В выставке участвовала и другая признанная во всем мире художница, Трейси Моффат, известная своими работами социальной направленности. Для «Монодрома» кураторы отобрали несколько фотографий из ее серии «Четвертый» 2001 г., изображающих спортсменов, занявших четвертое место на Олимпийских играх и не получивших медаль. Кажется, что эта серия соотносится с темой выставки через идею неудачи: и спортсмены, и Греция не смогли достичь своей цели, в первом случае — медали, во втором — экономического процветания. Однако такая интерпретация действует, только если принять наивное, а то и полностью сомнительное, сравнение индивидуального спортсмена на Олимпийских играх с целой нацией, участвующей в мировом экономическом и геополитическом состязании [ 18 ] 18. Удивительно, но такое объяснение было предоставлено экскурсоводом. . Включение этой работы опять-таки связано не столько с темой биеннале, сколько с тем, чтобы сделать проект более интернациональным. То же самое касается включения работы «Турецкие анекдоты» Йенса Хаанинга 1994 г. Для этого проекта Хаанинг, еще один широко известный художник реляционной эстетики, записал анекдоты на турецком, а потом проиграл их через громкоговоритель на главной площади Осло. Хаанинг хотел отобразить раскол национального пространства с возникновением многонациональных обществ, а также создать временное сообщество граждан Осло, говорящих на турецком языке. Как и в вышеописанных ситуациях, эта работа имеет мало общего с темой «Монодрома». В них всех проявляется то, как в рамках «Монодрома» сосуществовали две разные выставки, национальная и интернациональная, почти не связанные друг с другом.

Перевод: Дарья Березко

  1. 11 ноября 2011 г. экономист-технократ Лукас Пападимос был назначен премьер-министром вместо лидера партии ПАСОК Георгиуса Папандреу, чье решение созвать референдум было воспринято как скандальное представителями ЕС.

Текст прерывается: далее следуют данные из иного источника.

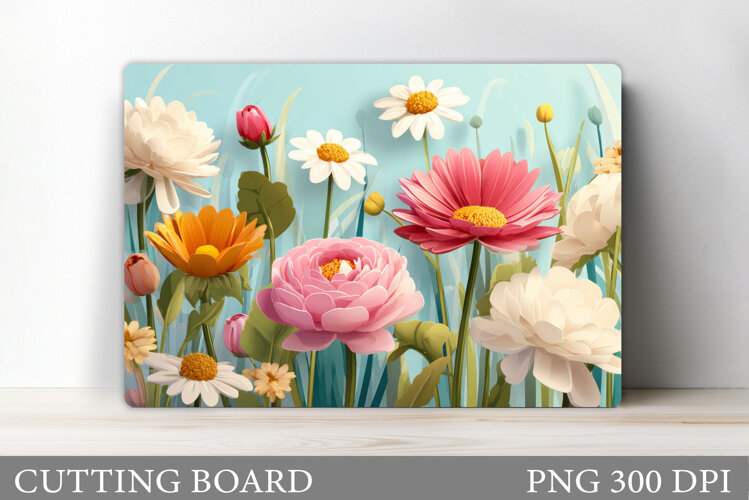 Wildflowers Cutting Board. Flowers Cutting Board Sublimation example image 1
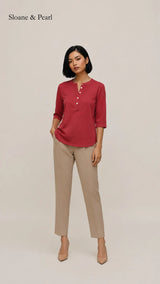 Liana | Cotton Henley Top With Button Detail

  2. На вопрос, получила ли 3-я Афинская биеннале финансовую поддержку от государства, ее представитель демонстративно ответила: «Нет. Совсем. Ноль». И подчеркнула нелегкую ситуацию словами: «2-я и 3-я Афинские биеннале получили от министерства культуры сумму, равную, скажем, 1/8 или 1/10 бюджета… Подача заявлений на финансирование проектов, которые, как наш, проходили во второй половине 2011 г., была открыта до 30 сентября. Естественно мы подали заявление, но, учитывая, как обстоят дела в стране, шансы не велики». Это разговор был 15 ноября 2011 г. в Афинах.
  3. Изначально планировалось, что 3-я Афинская биеннале пройдет в Афинской школе изящных искусств, но этого не случилось из-за напряжения и разногласий.
  4. Из статьи «Папандреу разворачивает радикальные реформы, чтобы спасти финансовую систему Греции» Хелены Смит, опубликованной 14 декабря 2009 г. в The Guardian. Полный текст статьи можно найти по ссылке www.guardian.co.uk/world/2009/dec/14/greece-unveils-reforms-to-public-finances.
  5. Н. Буррио, Реляционная эстетика. Постпродукция, М.: Ад Маргинем Пресс, 2016.
  6. Из интервью «8 вопросов к Николя Буррио», напечатанном в независимом журнале SALZINSEL. Полный текст можно найти по ссылке http://salzinselmagazine.blogpost.de/2011/03/8-questions-for-nicolas-bourriaud.html.
  7. Из интервью «8 вопросов к Николя Буррио», напечатанном в независимом журнале SALZINSEL. Полный текст можно найти по ссылке http://salzinselmagazine.blogpost.de/2011/03/8-questions-for-nicolas-bourriaud.html.
  8. Из интервью «8 вопросов к Николя Буррио», напечатанном в независимом журнале SALZINSEL. Полный текст можно найти по ссылке http://salzinselmagazine.blogpost.de/2011/03/8-questions-for-nicolas-bourriaud.html.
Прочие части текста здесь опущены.